-- About this task --
Nothing but the exact lines from the one containing "3318 STRATTON CIRCLE Kissimmee, FL 34744" through the last line of the records below belongs in your answer.

-- Extracted information --
**********

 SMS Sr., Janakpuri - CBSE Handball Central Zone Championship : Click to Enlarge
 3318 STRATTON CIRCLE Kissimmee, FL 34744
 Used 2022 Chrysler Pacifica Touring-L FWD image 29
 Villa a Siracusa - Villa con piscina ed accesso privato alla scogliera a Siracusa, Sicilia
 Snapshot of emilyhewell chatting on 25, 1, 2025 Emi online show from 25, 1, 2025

**********

-- The answer --
 3318 STRATTON CIRCLE Kissimmee, FL 34744
 Used 2022 Chrysler Pacifica Touring-L FWD image 29
 Villa a Siracusa - Villa con piscina ed accesso privato alla scogliera a Siracusa, Sicilia
 Snapshot of emilyhewell chatting on 25, 1, 2025 Emi online show from 25, 1, 2025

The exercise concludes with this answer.